## INPUT RECORDS

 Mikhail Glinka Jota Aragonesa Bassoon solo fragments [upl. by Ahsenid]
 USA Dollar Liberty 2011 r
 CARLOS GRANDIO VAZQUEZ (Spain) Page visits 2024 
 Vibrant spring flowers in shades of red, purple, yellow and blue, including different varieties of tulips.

---

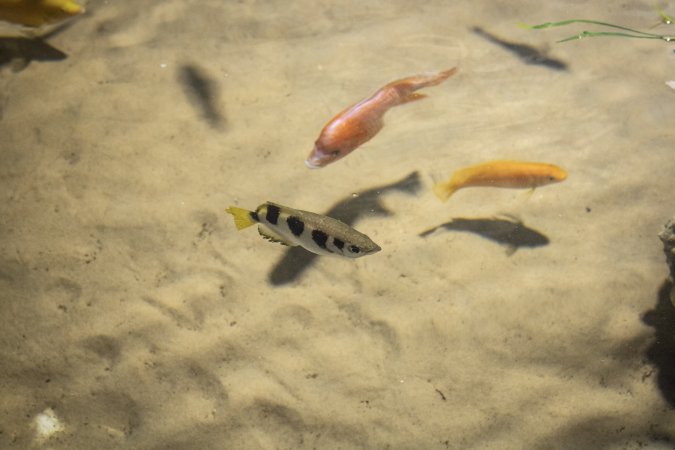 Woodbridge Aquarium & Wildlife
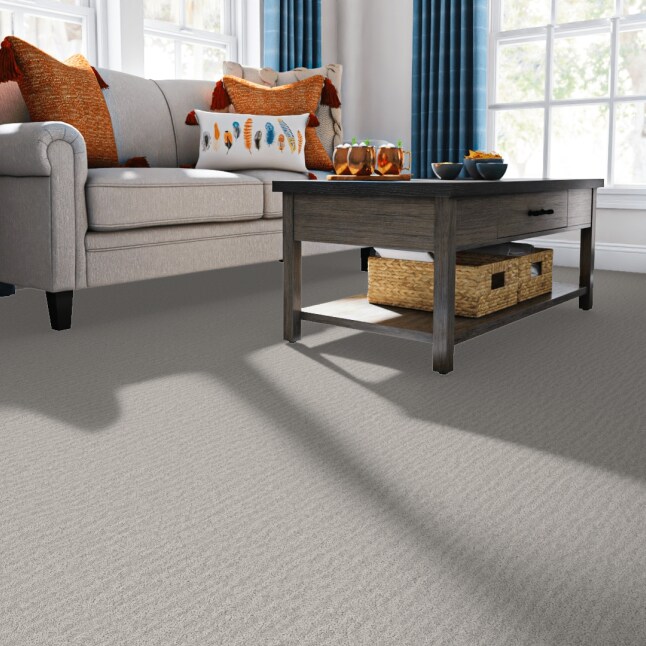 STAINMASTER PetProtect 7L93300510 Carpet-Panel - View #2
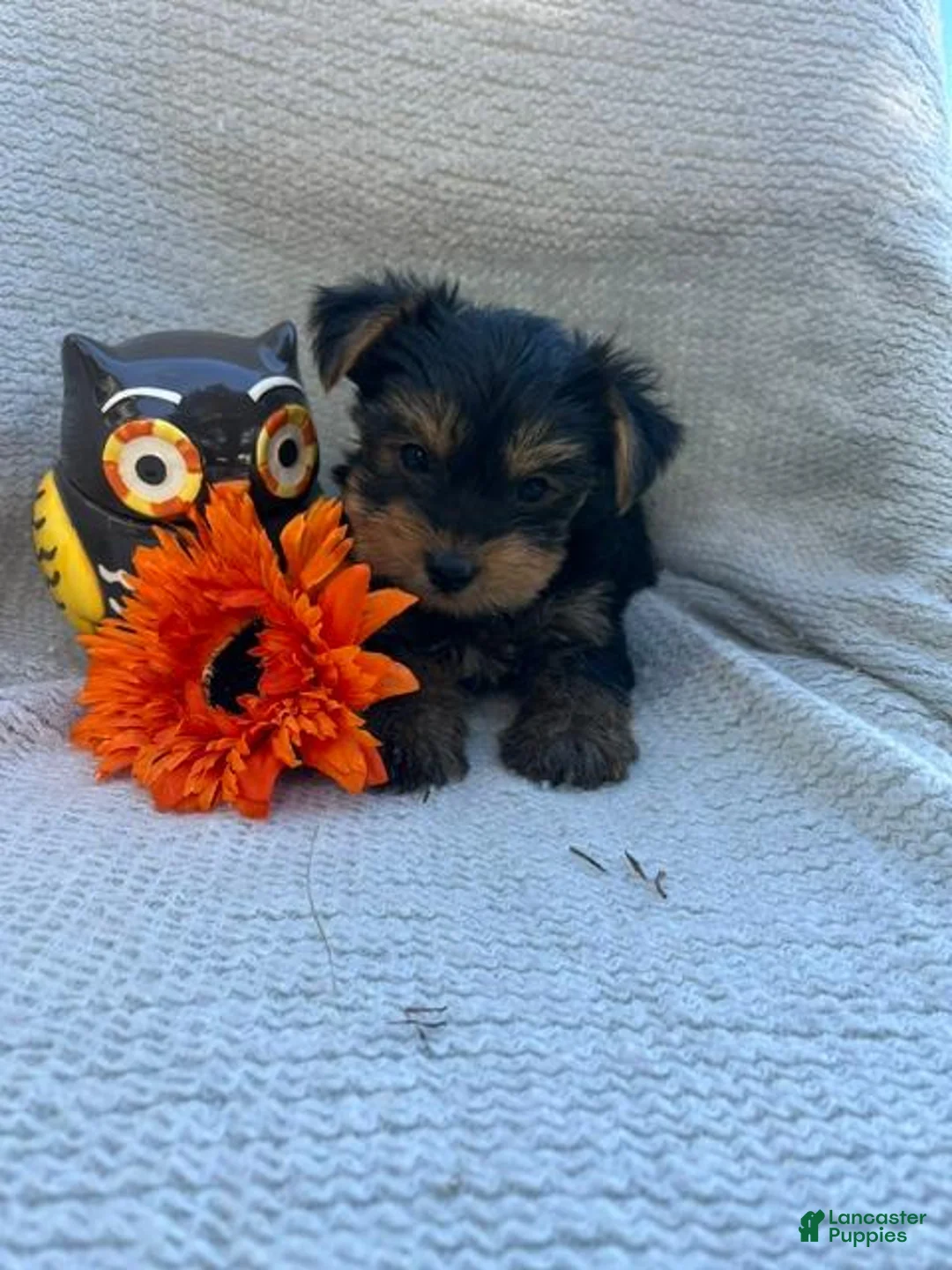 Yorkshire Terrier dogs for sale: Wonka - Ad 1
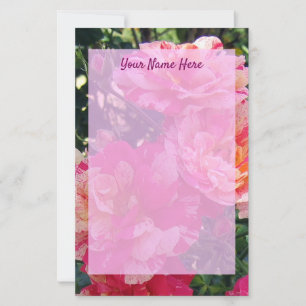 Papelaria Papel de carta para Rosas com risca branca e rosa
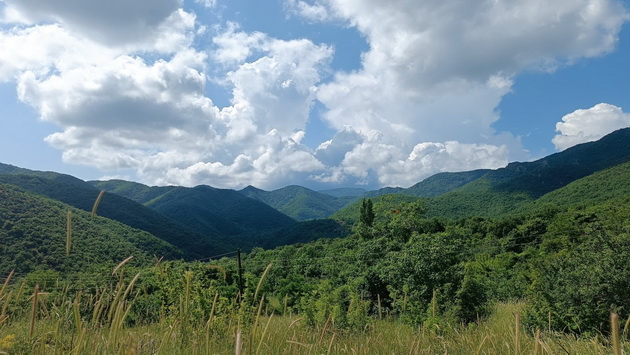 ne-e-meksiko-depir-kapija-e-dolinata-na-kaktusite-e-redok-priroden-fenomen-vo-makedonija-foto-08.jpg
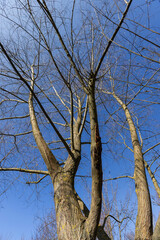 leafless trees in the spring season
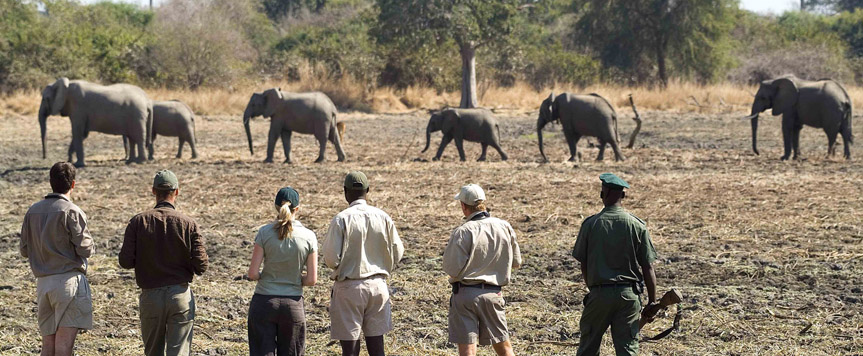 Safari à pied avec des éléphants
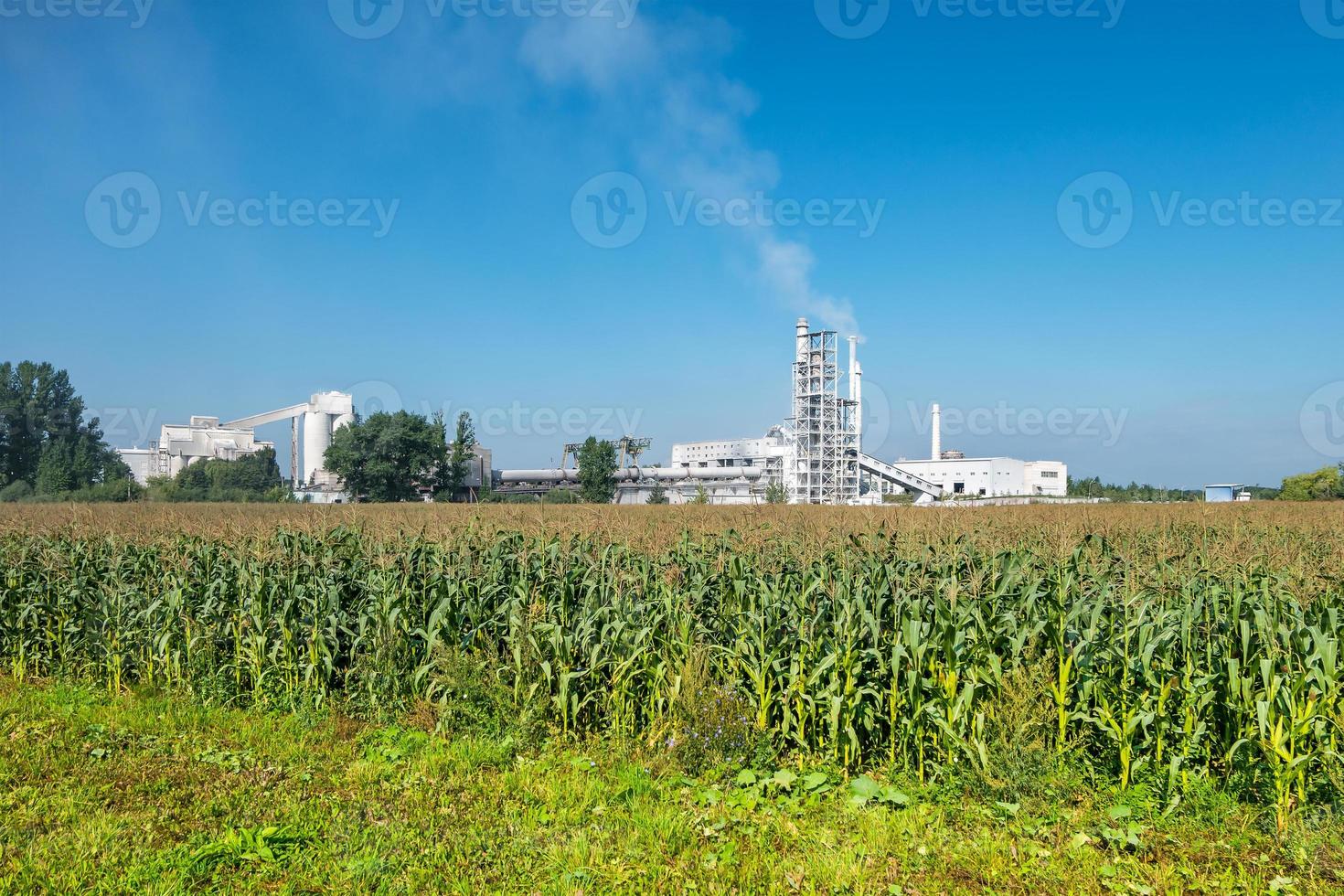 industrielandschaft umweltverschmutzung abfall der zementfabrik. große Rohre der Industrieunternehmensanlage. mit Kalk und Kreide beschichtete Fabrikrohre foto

## WHAT TO DO
Look above for the line with "Woodbridge Aquarium & Wildlife" and the line with "Papelaria Papel de". Copy them and every line between, exactly, but no pictures.

## ANSWER TO THIS PROBLEM
 Woodbridge Aquarium & Wildlife
 STAINMASTER PetProtect 7L93300510 Carpet-Panel - View #2
 Yorkshire Terrier dogs for sale: Wonka - Ad 1
 Papelaria Papel de carta para Rosas com risca branca e rosa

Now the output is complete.